What the exercise asks
Exactly reproduce the lines from the one containing "CHICAGO, IL- SEPTEMBER" through the last line of the data, both ends included, leaving out pictures.

Excerpts from a dataset
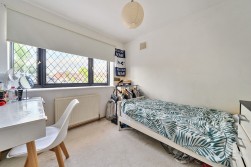 Warenne Road, Fetcham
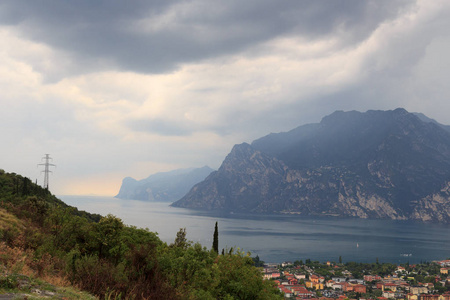 Torbole 湖, 湖畔村庄和山脉的全景, 意大利的黑暗风暴云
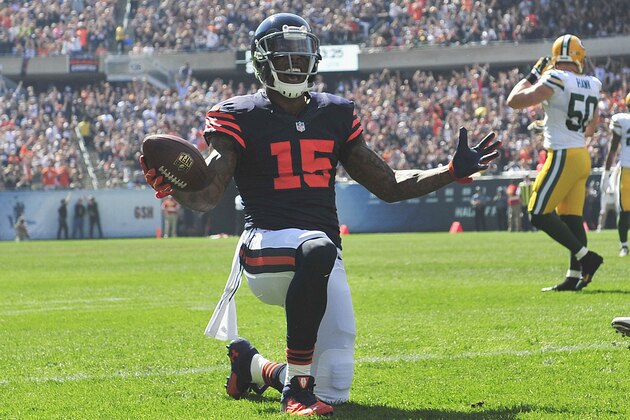 CHICAGO, IL- SEPTEMBER 28: Brandon Marshall #15 of the Chicago Bears celebrates his touchdown during the first quarter of their game against the Green Bay Packers on September 28, 2014 at Soldier Field in Chicago, Illinois.  (Photo by David Banks/Getty Images)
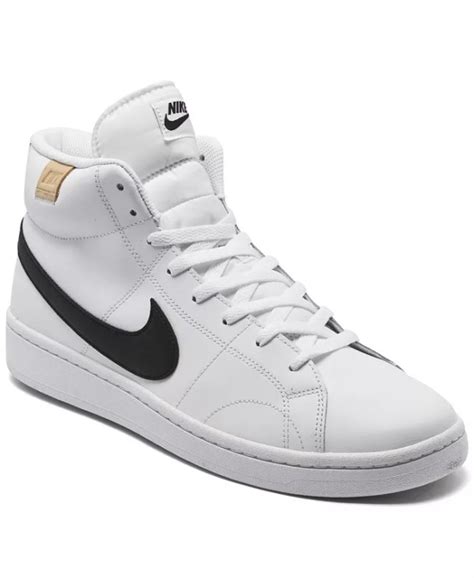 Macy's Has Some Amazing Deals On Nike Sneakers This Black Friday ...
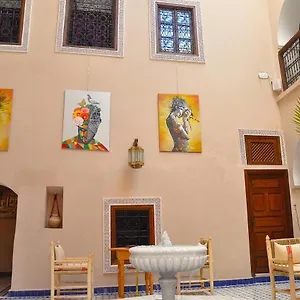 dar-aouinti.marrakeshhotelsmorocco.com/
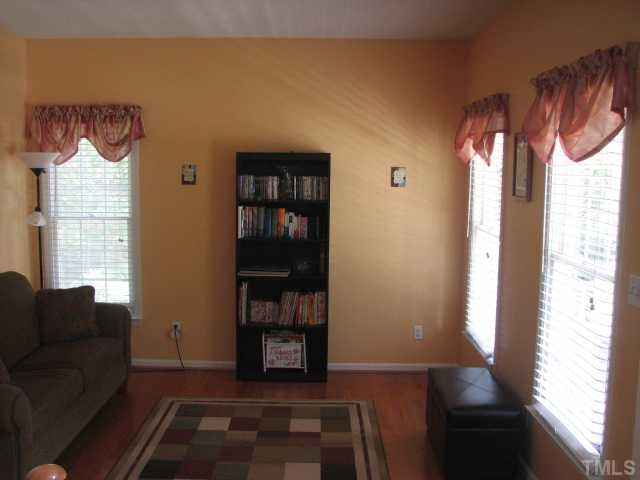9604 Elham Court Raleigh, NC 27615 - Photo 3 of 10 Gallery Image 3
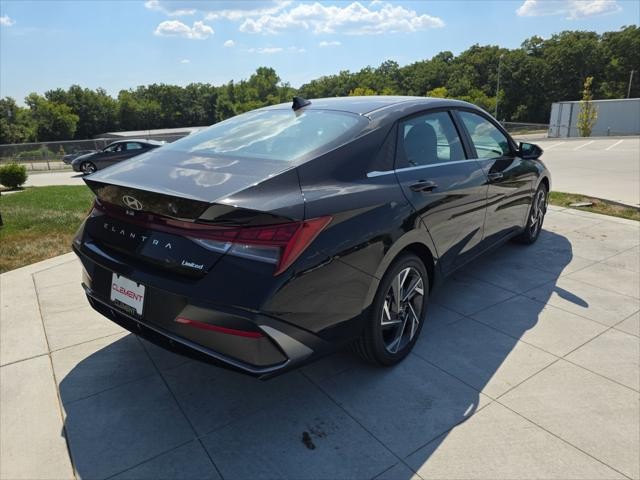 Hyundai Elantra Vehicle Full-screen Gallery Image 6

Written solution
 CHICAGO, IL- SEPTEMBER 28: Brandon Marshall #15 of the Chicago Bears celebrates his touchdown during the first quarter of their game against the Green Bay Packers on September 28, 2014 at Soldier Field in Chicago, Illinois.  (Photo by David Banks/Getty Images)
 Macy's Has Some Amazing Deals On Nike Sneakers This Black Friday ...
 dar-aouinti.marrakeshhotelsmorocco.com/
9604 Elham Court Raleigh, NC 27615 - Photo 3 of 10 Gallery Image 3
 Hyundai Elantra Vehicle Full-screen Gallery Image 6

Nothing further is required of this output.